Dear CogTales reader, this post is about and made possible by you! You made this year the best yet in this little blog’s history. In today’s post, we want to take a moment and review which five posts you were most interested in. But first, we want to thank you. We’re hoping that you continue to come back and maybe even tell a friend or two about us. You can even contribute, if you have a story you would like to share, either with your name or anonymously, just get in touch.
So now let’s take a look back at the year as it is ending and review the top five posts according to our visitor statistics in 2017.
- P-hacking: A magical way to find significant effects
Our most successful post was, to my personal mild surprise, a satirical guest post on p-hacking for April 1st. At one point, we were actually getting worried that some people would like this “fool-proof” way of finding a significant effect in your data too much. This goes to show that there is still a lot of work to be done.
- International mobility for postdocs
The runner up in our top posts of 2017 was Sho’s tale of moving to the US for a post doc, with visa trouble and an honest reflection on the cost – be it financial or in time and energy. A lot of people are in the same situation, and visa application procedures seem like they require you to learn yet another language. We hope some found Sho’s post helpful, if it’s only knowing that you are not alone in this administrative grind.
- How to conduct a meta-analysis?
The post on third place was actually quite short, we posted a piece about a 12-part video tutorial we created for our joint project MetaLab. It’s fantastic to see that this got so much attention (and we were pleasantly shocked to find out that the youtube channel has over 100 subscribers, thank you all). If you are thinking about creating a meta-analysis or want to contribute to MetaLab (for example by sharing data or contributing code), we would be thrilled to hear from you.
- How we got the Marie Sklodowska-Curie post doc fellowship
Now, number four actually was posted last year already, we share our experiences applying for (and both actually getting) the Horizon 2020 Marie Sklodowska-Curie post doc fellowship. Even the name is a mouthful, and the application procedure is not easier. The latest numbers show that like most post doc grants, this funding scheme is becoming more and more competitive. We’re crossing our fingers for your applications which are currently under review (or if you apply for another grant maybe are in the writing stage). Our advice in the post is as up to date as ever, and if you have more questions, post them in the comments and we will try to answer them.

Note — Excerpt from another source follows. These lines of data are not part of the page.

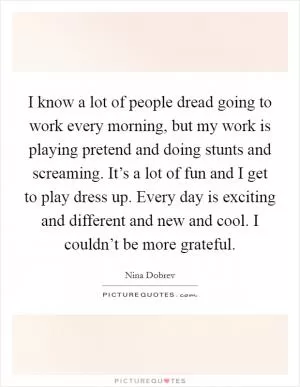 I know a lot of people dread going to work every morning, but my work is playing pretend and doing stunts and screaming. It’s a lot of fun and I get to play dress up. Every day is exciting and different and new and cool. I couldn’t be more grateful Picture Quote #1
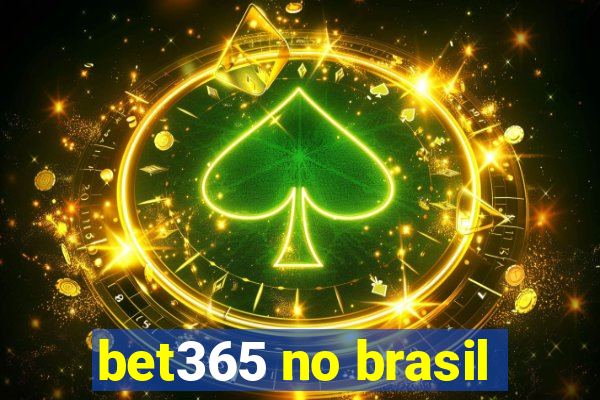 bet365 no brasil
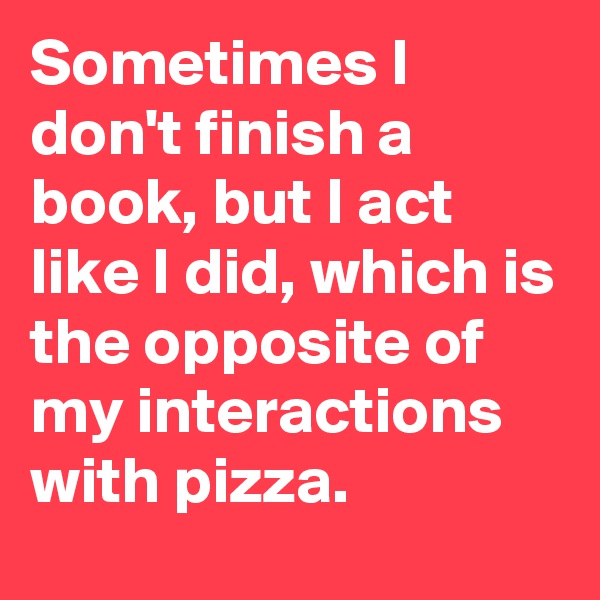Sometimes I don't finish a book, but I act like I did, which is the opposite of my interactions with pizza.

- “Alternative” careers: Leaving academia
The fifth most popular post discusses #altac careers (careers outside academia); Sho interviewed a data scientist and a consultant, and both give wonderful advice on how to survive life after the uni-verse. With the pyramid structure of academia, that means lots of PhDs versus very few permanent positions, knowing that there are alternatives for you is in our opinion very important. We learn a lot in our academic life, but we never get taught how to market those skills. It’s uplifting to see that this is slowly changing, though. I even have added anecdotal evidence for those turning tides, because all (=two) career events I spoke at this year featured non-academic career options. I think it’s great to apply the flexibility of thinking we all need in our science lives to problems outside the ivory tower, including our own career paths.
So, this list is quite diverse, featuring fun posts, methodological topics, and career advice. And even though we focused here on the posts that got the most visitors, we love all our “babies”, from Sho’s recent first episode of her journey through rejection to a short intro to scicomm. We’re also super excited that our colleague Franziska has started her Academic Crisis Line, a live vlog delivering survival skills for academia, which is such a beautiful complement to what we are doing that we’ll keep cross-posting her videos. We plan to continue CogTales in 2018 in the same way, and we’re looking forward to see which topics will make the list next year!